Keswick has perhaps the best location of any of the Lake District's towns, sitting between Skiddaw and the northern end of Derwent Water. As a result the town centre is packed with walking shops (only Ambleside provides a similar range) and the town is a major tourist trap.

Keswick from aboveThe town is separated from the lake by Crow Park, a small area of open ground owned by the National Trust. A well signposted route leads from George Fishers, the most famous walking shop in Keswick, down to the lake shore, passing by the large lakeside car park and the Theatre by the Lake, the only professional theatre in Cumbria to operate all year round (www.theatrebythelake.com).

Keswick now holds an annual Mountain Festival (2009 being the third festival), with a mix of outdoors activities (http://www.keswickmountainfestival.co.uk/).

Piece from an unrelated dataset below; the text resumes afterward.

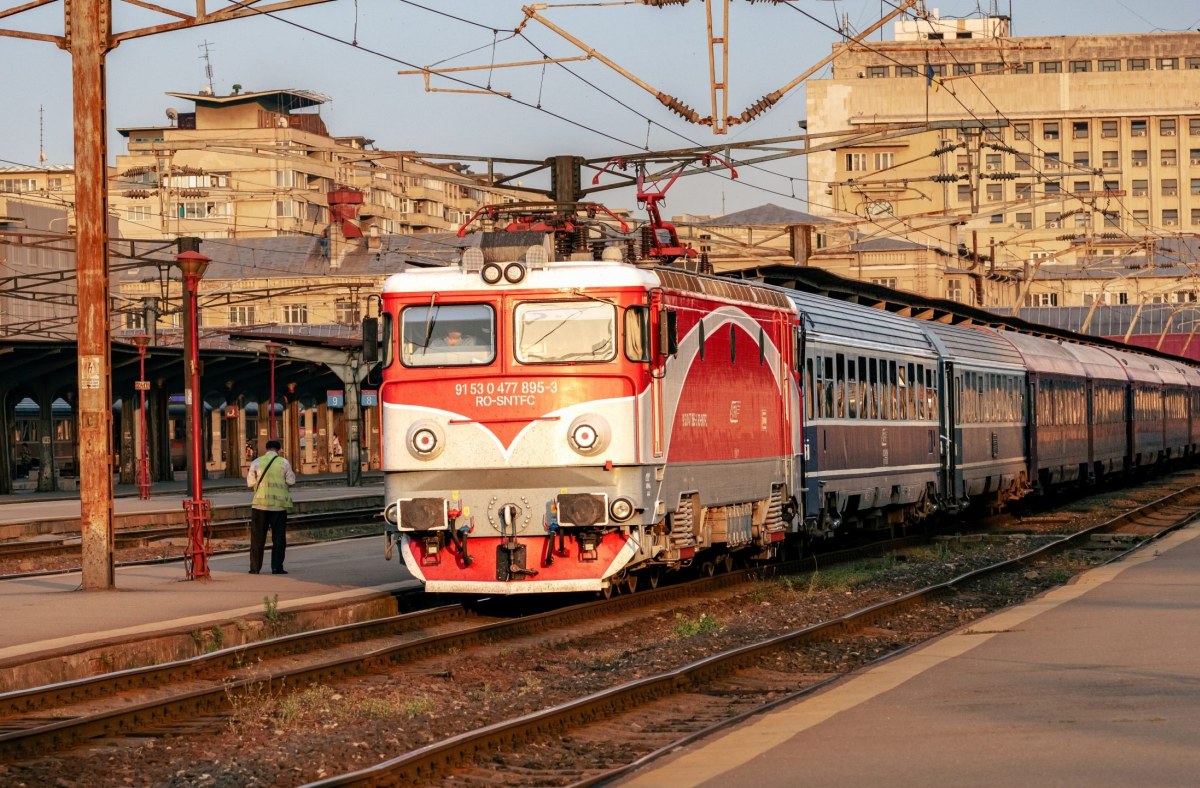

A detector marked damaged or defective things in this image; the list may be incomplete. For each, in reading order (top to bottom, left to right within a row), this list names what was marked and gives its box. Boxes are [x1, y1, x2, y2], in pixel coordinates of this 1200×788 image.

Keswick is the starting point for two of the best short walks in the district - the ascent of Latrigg, an outlying foothill of Skiddaw and fantastic viewpoint for Derwent Water, and the ascent of Cat Bells using the Derwent Water ferry to cross the lake.

The best known of Keswick's walking shops in George Fishers, established in 1957 at the southern end of the town centre in a building constructed in 1887. The shop is now spread out over several levels of the building with a tearoom in the rafters.

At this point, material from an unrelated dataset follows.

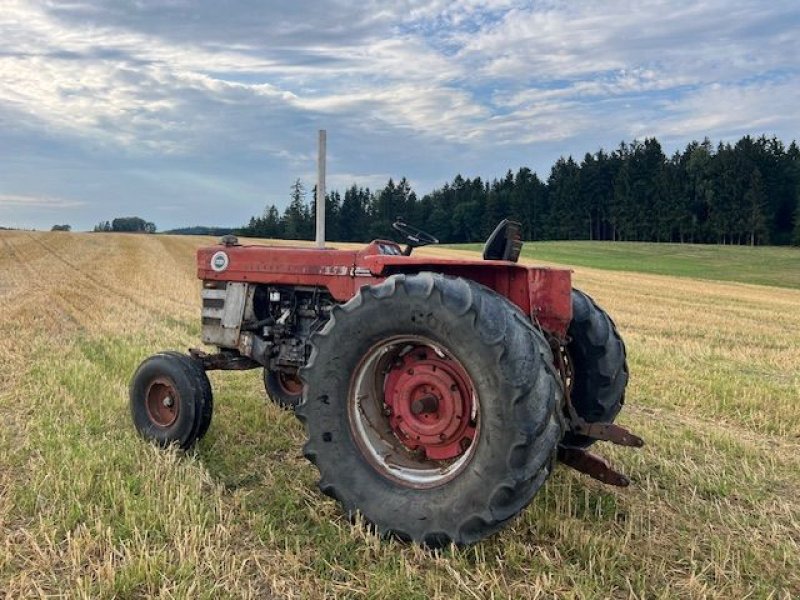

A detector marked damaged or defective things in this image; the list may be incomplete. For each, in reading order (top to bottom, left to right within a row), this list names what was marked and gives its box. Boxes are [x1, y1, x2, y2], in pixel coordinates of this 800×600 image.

rusty wheel hub [146, 378, 180, 428]
rusty wheel hub [382, 346, 476, 460]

Keswick has an industrial past. Brigham, on the eastern edge of the town, was once a centre for metal smelting, using lead and copper ore from the local mines, although this ended when the suburb was destroyed during the Civil War.

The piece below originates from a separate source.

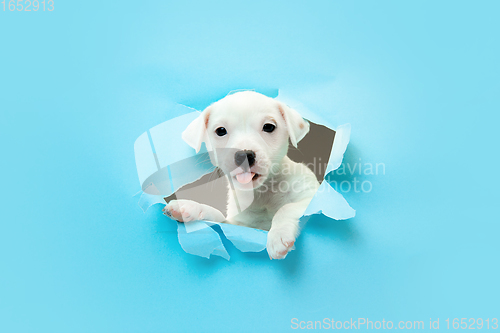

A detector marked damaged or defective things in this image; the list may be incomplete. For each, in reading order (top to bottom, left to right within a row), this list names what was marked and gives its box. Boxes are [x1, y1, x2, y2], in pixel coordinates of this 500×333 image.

torn blue paper [133, 91, 356, 260]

The town then became a local centre for the woollen and cloth trade in the northern lakes, but this ended when the canals and then the railways ended the important of the smaller market centres.

The most famous of Keswick's industries was the production of pencils, using graphite from mines under Seatoller Fell. The first mention of the pencil industry came in the eighteenth century, but the famous Cumberland Pencil Factory wasn't built until 1898 after the original factory in Braitwaite burnt down. The factory is now the site of the Keswick Pencil Museum (with an excellent shop, selling a vast range of pencils, from children's crayons to high quality artist's pencils).

Keswick also houses the Fitzpark Museum and a Railway Museum.

Keswick has its own connection to the Lake Poets – Coleridge moved to Greta Hall soon after Wordsworth returned to the area in 1799, and Robert Southey joined him in 1803. 

Keswick has an excellent theatre, the Theatre by the Lake, on the side of the road from the town to the Derwent Foreshore.